In the laboratories, she shows her “seaweed kindergarten”: rows of bubbling cylindrical tanks where she breeds new varieties, clones new plants, and seeds plants on rolls of twine which are then wrapped on the ropes and laid out to sea.

“You see that the outer margins are brownish – that’s where they release the swarmers,” she says, showing me a container of sexually mature sea lettuce. “It’s just like sperm: they have flagella, they can move.”

This is only half of the puzzle. In the city of Gothenburg, a team at Chalmers University of Technology is looking at how to most efficiently and economically extract the protein. Prof Ingrid Undeland, the research coordinator for Blue Food, Sweden’s “Centre for Future Seafood”, says that seaweed is getting ever more “trendy” but she wants it to escape from high-end New Nordic restaurants and vegan food stores and be sold as a commodified bulk protein powder – like the ones derived from soya, whey or pea that are used to make vegetarian mince.

The new product will, she concedes, have “a little bit more of a marine flavour profile” than the almost tasteless whey and soy protein. “If you want to make a vanilla smoothie that doesn’t taste of anything, that might be challenging,” she says. “But if you want to make a savoury product, with some umami, saltiness and marine flavour, it could be an advantage.”

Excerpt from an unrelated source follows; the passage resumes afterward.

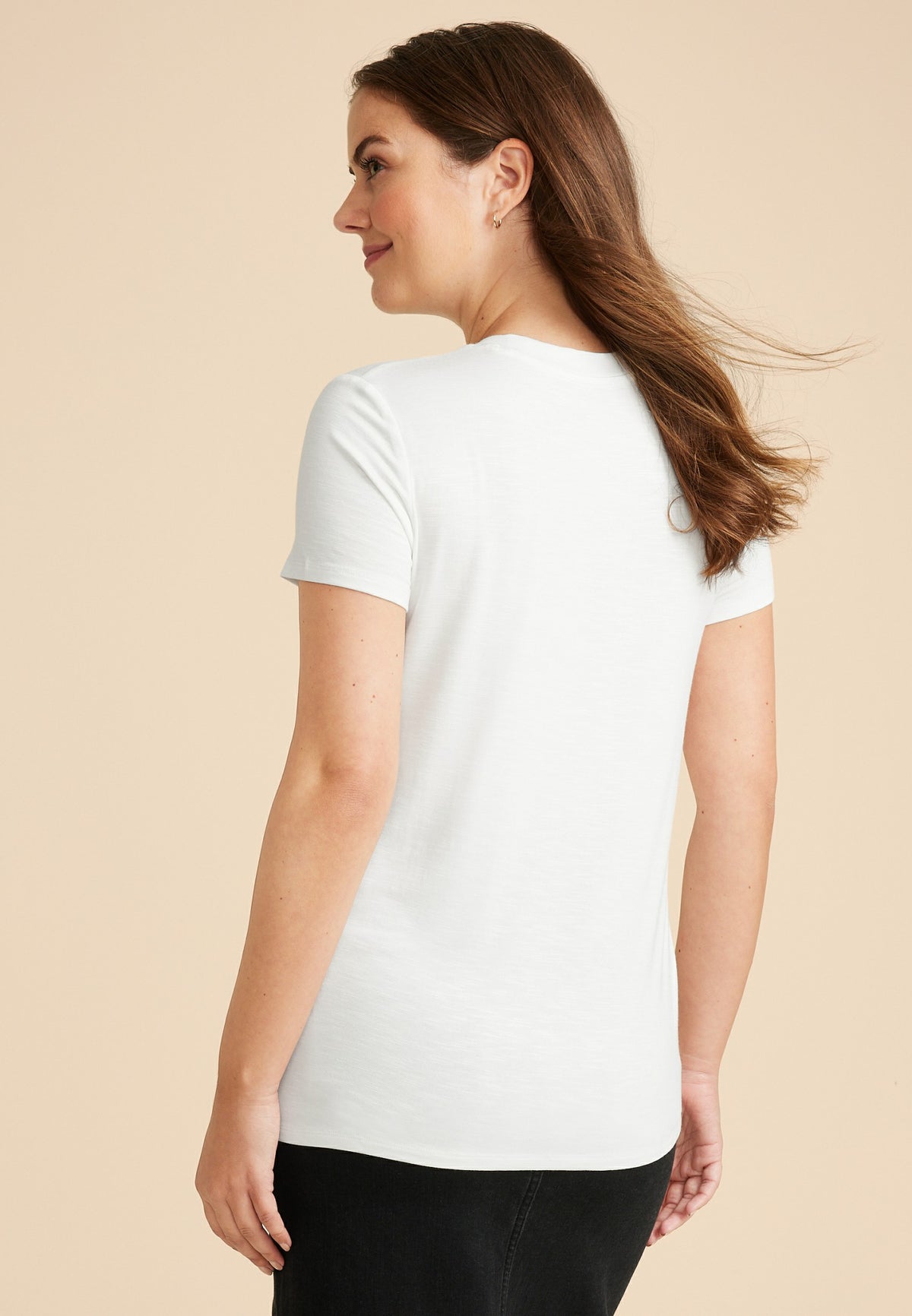 Maurices 24/7 Kennedy Crew Neck Tee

Unlike soya and pea plants, where protein is concentrated in special bodies in the cells of the bean or pea, seaweed protein is spread much more widely, both in the plants and inside their cells, making the protein harder to reach with the weak alkali used in extraction.

João Trigo is a PhD student in Undeland’s lab, working on improving extraction techniques. At best, he says, he can now extract about 10% of the protein in sea lettuce. Given that dried sea lettuce is at best 30% protein, that means only three grams of protein would come out of 100g of dry sea lettuce.

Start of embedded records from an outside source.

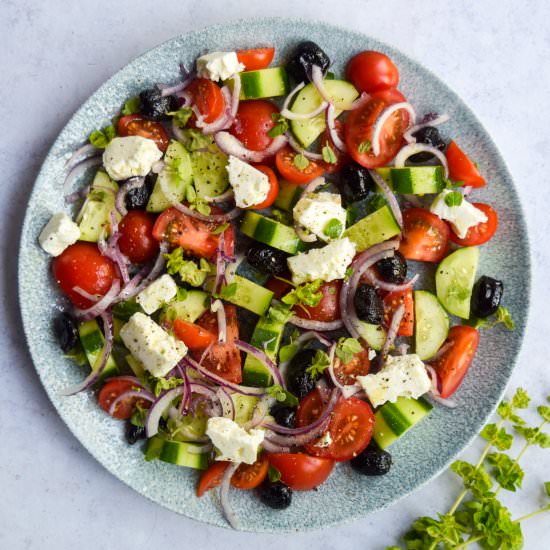 Greek Salad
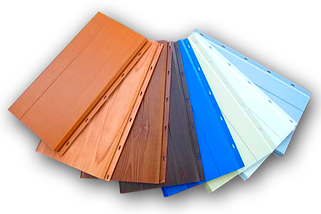 Сайдинг металевий Дошка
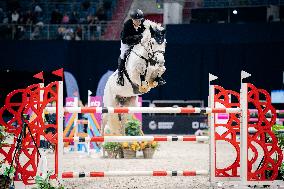 Cavaliada Krakow 2025 - CSI4 Small Tour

In his office, he holds up the end result of his labours: a test tube containing a small amount of green crystalline flakes which took a whole sack of sea lettuce to produce. “Let’s say if we start with 10kg of fresh sea lettuce, we might end up with around 40g of dried protein isolate,” he says. “So that tells you that we still have some way to go.”

The solution, he and Edlund agree, might be a biorefinery approach, with the protein removed first, then other useful substances such as thickening agents already used in the food industry, then polysaccharides for plastics. The remainder could then be burned as biofuel.

“It would be a shame to throw this biomass away,” Edlund says.
“There are so many sophisticated molecules in there that nature made, so why not make the most of them?”

Steinhagen is confident that her pilot farm is the start of a new industry. “People always laugh at the person doing new things,” she says. “But look today, we have electricity and we have cars. It takes time.”